Regional prices rose from USD 0.46/KG in Q1 2025 to USD 0.51/KG in Q2 and held there through year-end, then firmed to USD 0.55/KG in Q1 2026 as the higher potash base fed through.
| Quarter | Price (USD/KG) | QoQ Change | Direction |
| Q1 2025 | 0.67 | - | - |
| Q2 2025 | 0.66 | -2.2% | down |
| Q3 2025 | 0.69 | +4.8% | up |
| Q4 2025 | 0.62 | -10.2% | down |
| Q1 2026 | 0.62 | +0.6% | up |
Southeast Asia is an import-reliant market with demand led by plantation crops, fruit, and vegetables.
Regional prices held near USD 0.67/KG early in 2025, then slipped to USD 0.62/KG by Q4 and held there in Q1 2026, the softest finish in this report as competitive offers met steady but unspectacular demand.

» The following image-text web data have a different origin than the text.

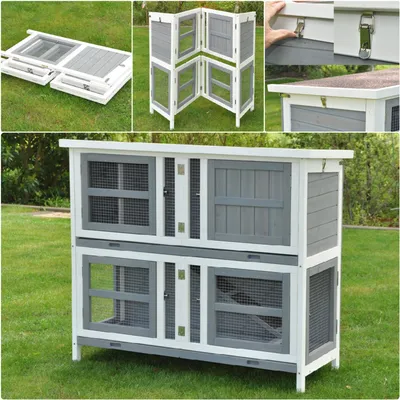 Produktbild von Hasenstall XL Linus faltbar grau 120x50x104 cm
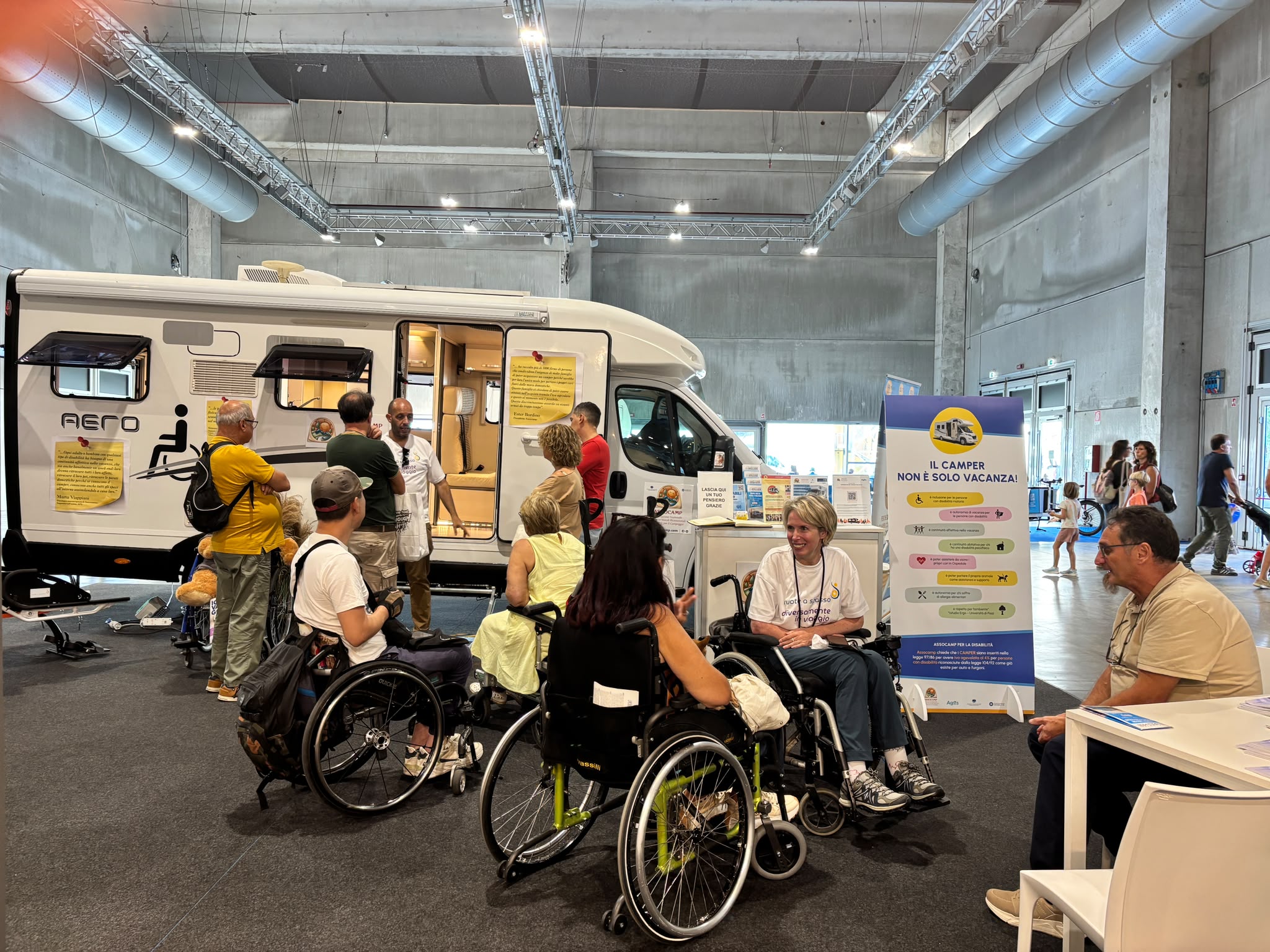 Camper attrezzato per disabili al Salone del Camper 2026 presso lo stand Assocamp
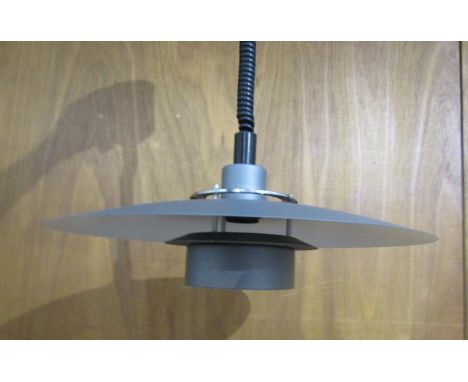 A Danish rise and fall ceiling light in gun metal grey colour and white, 'Danalight' label 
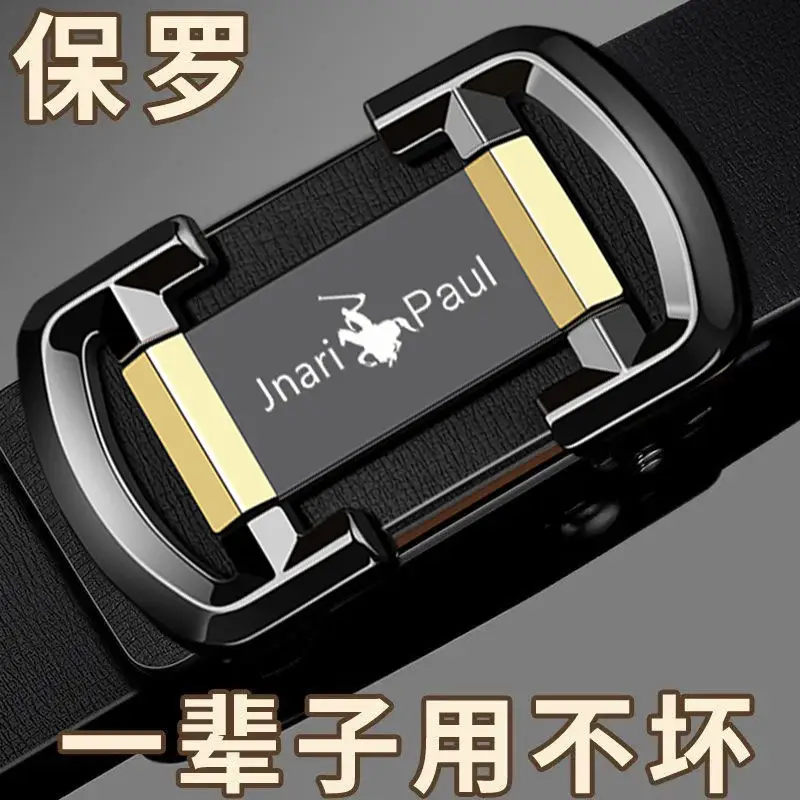 Paul Men's Genuine Leather Belt Black Automatic Buckle - Image 9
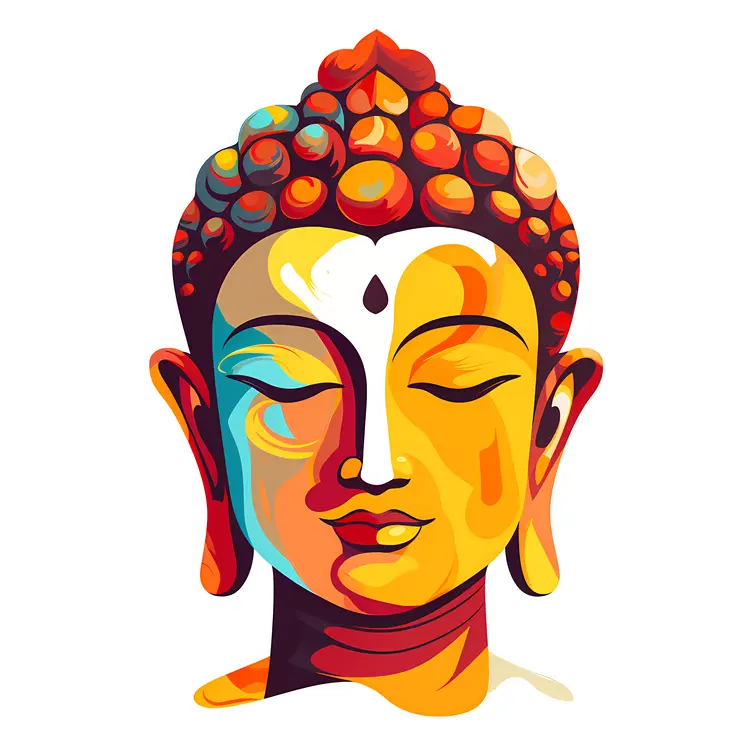 Colorful Buddha Face Illustration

The potassium sulfate market forecast for the rest of 2026 leans firm. A higher muriate-of-potash floor, firm sulfuric acid, and the energy costs, and the resilient high-value-crop demand all point to the continued support. The energy-intensive Mannheim base and the concentrated supply give the producers the pricing discipline that should hold the firm tone.
The bull case rests on continued potash strength and a firm fruit and vegetable demand, paired with the high energy costs that keep the Mannheim floor elevated. The bear case is a real pullback in potash or an effective slowdown in the high-value crop spending that essentially weakens the balance. The regions like Europe should keep the premium on the energy-intensive production and sophisticated demand.
| Region | Price Range (USD/KG) |
| Global Average | 0.60 - 0.66 |
| Europe | 0.59 - 0.64 |
| North America | 0.73 - 0.80 |
| Africa | 0.61 - 0.66 |
| Northeast Asia | 0.50 - 0.55 |
| Southeast Asia | 0.57 - 0.63 |
Europe stays the clear outlier on the upside on energy-intensive Mannheim production and demand quality. India holds the low end on import competition, while North America and South America sit between, supported by high-value horticulture. The whole market sits higher than it did entering 2025.
For Buyers
For Manufacturers
It is a premium, chloride-free potassium fertilizer that also supplies sulfur, known as sulfate of potash. Prices matter because it underpins quality nutrition for fruits, vegetables, and other high-value crops.
Global averages moved from USD 0.61/KG in Q1 to USD 0.62/KG in Q4, about 2 percent higher. North America held the highest prices near USD 0.78 to 0.86/KG, while Europe climbed fastest from USD 0.46/KG.
Global prices are expected to hold in the USD 0.60 to 0.66/KG range, firm. A higher potash floor, energy-intensive production, and high-value-crop demand are the main supports, with North America keeping the widest premium.
Production is split between the energy-intensive Mannheim process and natural sources like langbeinite and salt-lake brines, with capacity across Asia, Europe, and North America.
The muriate-of-potash base, sulfuric-acid and energy costs, high-value-crop demand, concentrated specialty supply, and currency and freight for import-reliant markets like India and Brazil.